To load the core tidyverse, type library(tidyverse) and press Enter (Windows) or Return (Mac).
The output in the console indicates that you have loaded the core tidyverse. Each of the core packages has a green check next to it.
The output also lists conflicts. Conflicts report which objects have the same name in two or more places within your session. This usually happens because an object in your workspace or a package you installed is masking a system object of the same name.
Since you most recently loaded the tidyverse packages, they will be the default packages for your current session.
Read tidyverse vignettes
A vignette is documentation that acts as a guide to an R package. A vignette shares details about the problem that the package is designed to solve and how the included functions can help you solve it. The browseVignettes function allows you to read through vignettes of a loaded package.
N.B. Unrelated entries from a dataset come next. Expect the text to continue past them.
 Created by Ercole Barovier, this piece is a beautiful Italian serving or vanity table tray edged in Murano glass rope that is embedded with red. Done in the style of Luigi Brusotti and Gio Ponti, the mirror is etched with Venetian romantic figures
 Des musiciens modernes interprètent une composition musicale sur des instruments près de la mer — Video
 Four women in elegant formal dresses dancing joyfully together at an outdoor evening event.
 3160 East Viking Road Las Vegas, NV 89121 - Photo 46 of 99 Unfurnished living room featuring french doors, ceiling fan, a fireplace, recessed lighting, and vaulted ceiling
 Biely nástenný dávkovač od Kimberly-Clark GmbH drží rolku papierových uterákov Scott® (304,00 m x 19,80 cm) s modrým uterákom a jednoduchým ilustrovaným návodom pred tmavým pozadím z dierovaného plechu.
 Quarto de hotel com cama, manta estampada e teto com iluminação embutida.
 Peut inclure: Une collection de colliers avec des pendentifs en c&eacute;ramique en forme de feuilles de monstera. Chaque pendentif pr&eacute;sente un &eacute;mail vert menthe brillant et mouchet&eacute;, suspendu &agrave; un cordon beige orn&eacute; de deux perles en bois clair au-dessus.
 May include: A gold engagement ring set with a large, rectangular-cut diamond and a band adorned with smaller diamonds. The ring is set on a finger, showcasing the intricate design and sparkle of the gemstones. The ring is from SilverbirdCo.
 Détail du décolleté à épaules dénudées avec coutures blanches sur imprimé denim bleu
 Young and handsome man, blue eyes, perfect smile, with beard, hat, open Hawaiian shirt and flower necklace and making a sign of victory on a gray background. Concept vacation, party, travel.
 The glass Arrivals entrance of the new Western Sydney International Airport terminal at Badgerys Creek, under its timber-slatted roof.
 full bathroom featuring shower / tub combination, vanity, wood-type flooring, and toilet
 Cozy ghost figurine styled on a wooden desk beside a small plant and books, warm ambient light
To check out vignettes for one specific package, type browseVignettes(“packagename”) and press Enter (Windows) or Return (Mac). Remember that functions are case-sensitive in R, so “Vignettes” must have a capital V.
For example if you execute the browseVignettes() function on ggplot2, browseVignettes(“ggplot2”), you will have the following outcome:
If you are using RStudio (Posit) Cloud, running this function on the Posit Cloud server may lead to a page where the linked contents do not exist. If this is the case, downloading the RStudio Desktop version and running the same browseVignette() functions as above will open a new browser tab with the HTML, source, and R code links leading to the vignettes, and these vignette description pages will be functional.
Reflection
In this activity, you explored the tidyverse package and learned about vignettes. In the text box below, write 2-3 sentences (40-60 words) in response to each of the following questions:
- How might the tidyverse and its packages help you as you learn how to program in R?
- What impact will the browseVignettes function have on your analysis?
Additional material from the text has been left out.